*** Listed entries ***
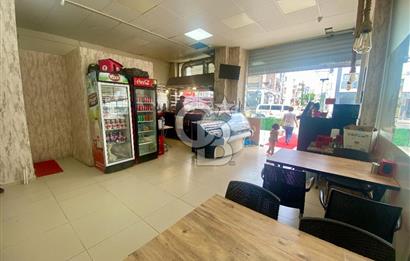 MUSELAND-KARŞIYAKA'DA DEVREN KİRALIK GIDA İŞLETMESİ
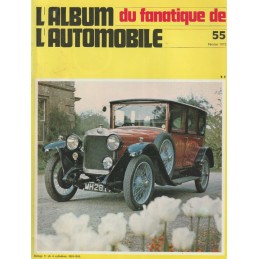 L'Album du Fanatique N° 55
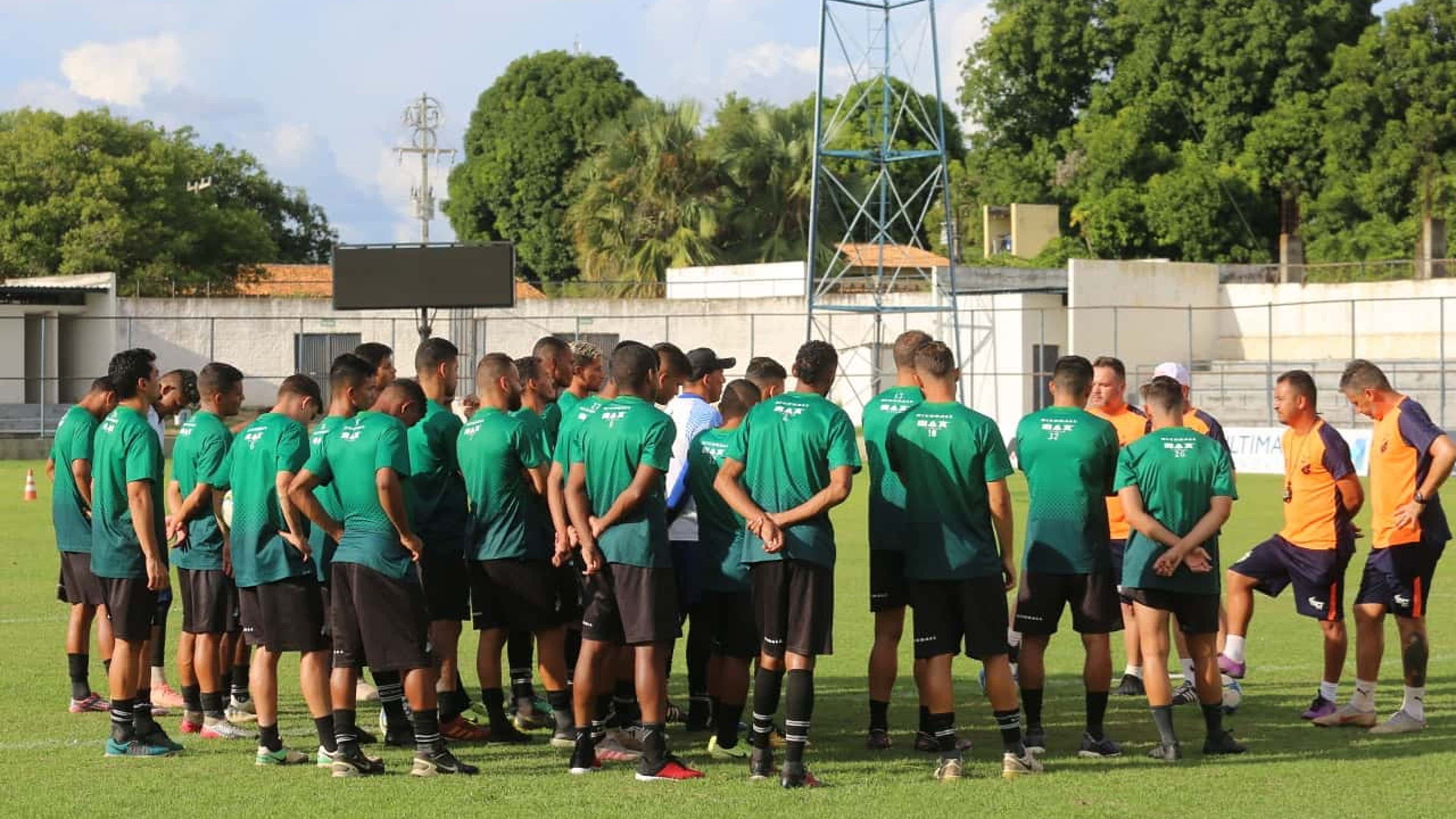 Fluminense-PI perde para o Juventude Samas e está fora da Série D
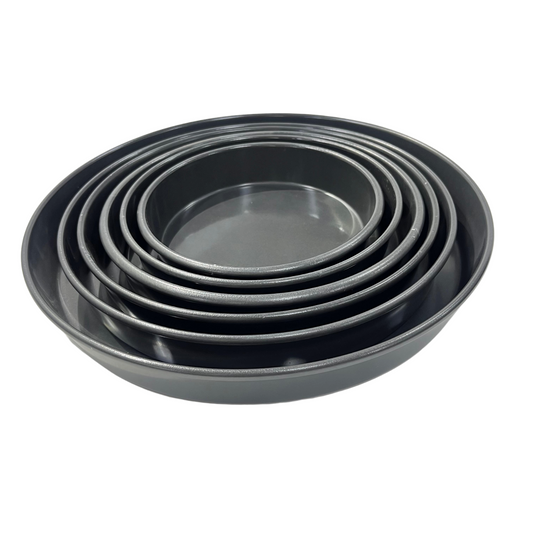 Kmw pizza pan tappered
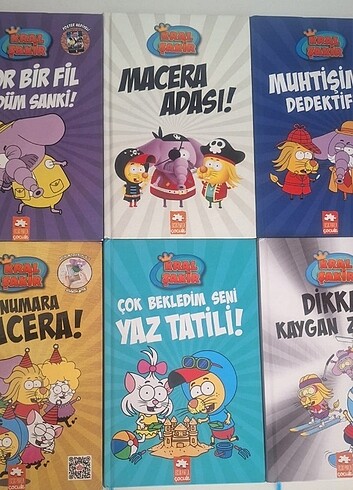  Kral Şakir 12 li set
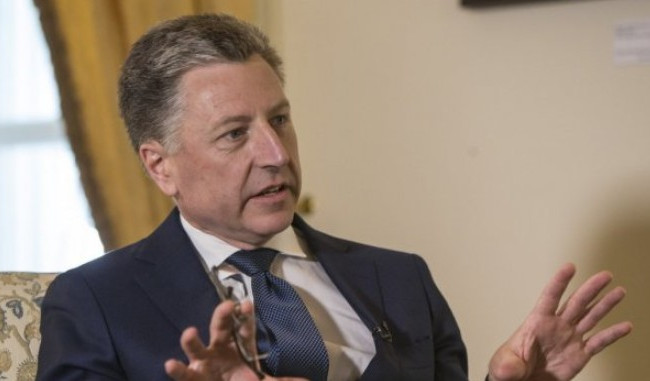 Волкер объяснил, от чего зависит достижение мира на Донбассе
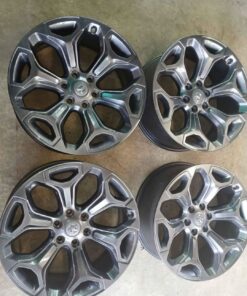 22” dodge ram new take offs OEM wheels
*** End of Listed entries ***
Only one thing is required here: an exact copy of the lines from the one bearing "Fluminense-PI perde para" through the final line above, both included, with pictures left out.

§ **The completed task**:
 Fluminense-PI perde para o Juventude Samas e está fora da Série D
 Kmw pizza pan tappered
  Kral Şakir 12 li set
 Волкер объяснил, от чего зависит достижение мира на Донбассе
 22” dodge ram new take offs OEM wheels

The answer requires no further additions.